Haïti-Diplomatie

l'envoyé spécial des Etats-Unis démissionne, Washington tente de tourner la page

Haïti-Diplomatie:
l’envoyé spécial des Etats-Unis démissionne, Washington tente de tourner la page
L’envoyé spécial des Etats-Unis en Haïti, Daniel Foote, a claqué la porte, mercredi, seulement deux mois après sa prise de fonction. Le diplomate, dans une correspondance adressée au chef de la diplomatie américaine, Anthony Blinken, a fait part de ses profonds désaccords avec la politique de Washington envers Haïti.

«Avec une profonde déception et des excuses à ceux qui recherchent des changements cruciaux, je démissionne de mon poste d’envoyé spécial pour Haïti, avec effet immédiat. Je ne serai pas associé à la décision inhumaine et contre-productive des États-Unis d’expulser des milliers de réfugiés haïtiens et d’immigrants illégaux vers Haïti, un pays où les responsables américains sont confinés dans des complexes sécurisés en raison du danger que représentent les gangs armés contrôlant la vie quotidienne », a écrit M. Foote dans sa lettre de démission.

«Mes recommandations ont été ignorées et rejetées, lorsqu’elles n’ont pas été modifiées pour projeter un récit différent du mien », a dénoncé l’ambassadeur Foote qui a mal digéré la prise de position des principales ambassades à Port-au-Prince, notamment celle des Etats-Unis. «La semaine dernière, les ambassades des États-Unis et d’autres pays ont publié une autre déclaration publique de soutien au Premier ministre de facto non élu, le Dr Ariel Henry, en tant que chef par intérim d’Haïti, et ont continué à vanter son « accord politique » au détriment d’un autre accord plus large et antérieur dirigé par la société civile. L’orgueil qui nous fait croire que nous devrions – encore une fois – choisir le gagnant est impressionnant. Ce cycle d’interventions politiques internationales en Haïti aura des conséquences désastreuses non seulement en Haïti, mais aux États-Unis et chez nos voisins de l’hémisphère».

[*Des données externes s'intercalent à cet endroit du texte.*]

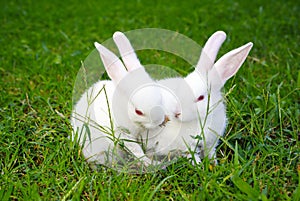 Two rabbits on the grass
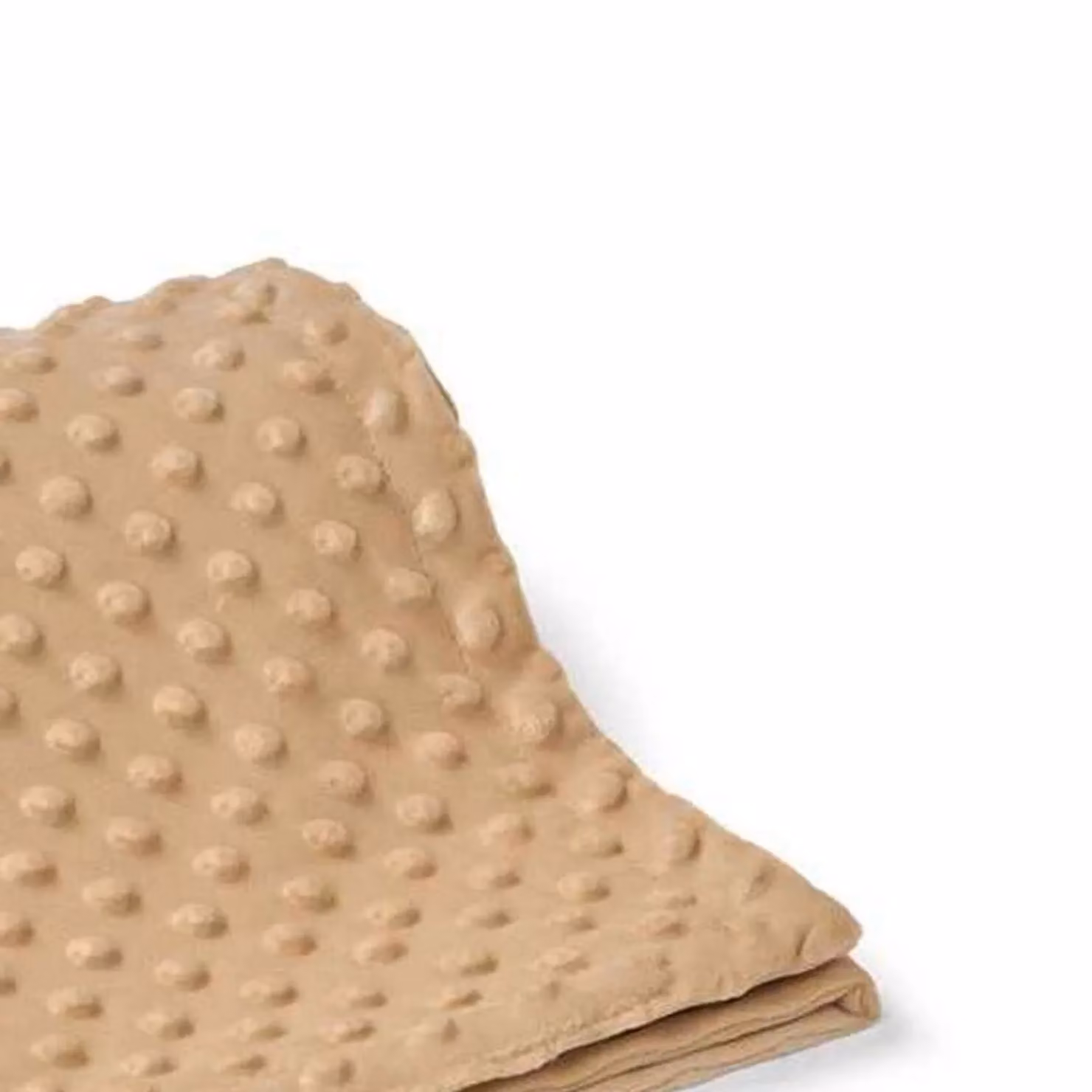 Brand Lab Minky Embossed Dotted Fleece Blanket in Brown/Beige – 2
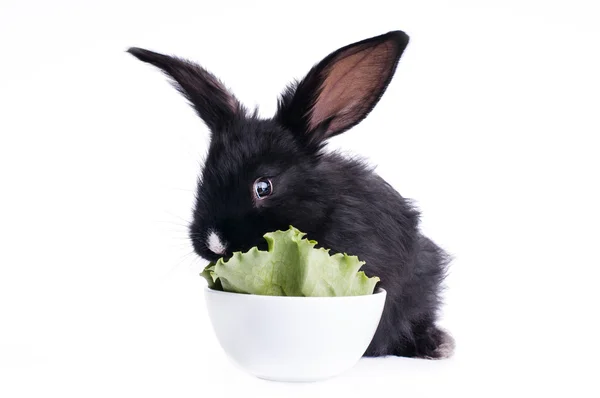 Cute black rabbit eating green salad Stock Picture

Washington sur la défensive
Les autorités américaines ont vite réagi sur la démission de leur envoyé spécial pour Haïti. La numéro deux du département d’Etat, Wendy Sherman, a rejeté les critiques de l’émissaire Foote, qui a ouvertement exprimé ses desaccords avec la politique des Etats-Unis envers Haïti, notamment en ce qui concerne le traitement inhumain infligé aux migrants haïtiens à la frontière Sud des Etats-Unis.
«Vous savez, l’une des idées de M. Foote était de renvoyer l’armée américaine en Haïti. J’ai suivi Haïti depuis l’administration Clinton, et je peux vous dire que l’envoi de l’armée américaine en Haïti n’est pas la réponse qui résoudra la terrible situation à laquelle le peuple haïtien est actuellement confronté. C’était juste une mauvaise idée», a déclaré Mme Sherman au journal américain Miami Herald.
«Certaines de ces propositions ont été préjudiciables à notre engagement à promouvoir la démocratie en Haïti et à organiser des élections libres et équitables en Haïti afin que le peuple haïtien puisse choisir son propre avenir. Pour lui, dire que les propositions ont été ignorées était, je suis triste de le dire, tout simplement faux », a réagi Sherman.

Daniel Foote avait été nommé envoyé spécial en Haïti après l’assassinat de l’ex président Jovenel Moïse. Il a remis sa démission deux mois après sa prise de fonction. Une mission américaine de haut niveau est attendue la semaine prochaine en Haïti pour une évaluation de la situation.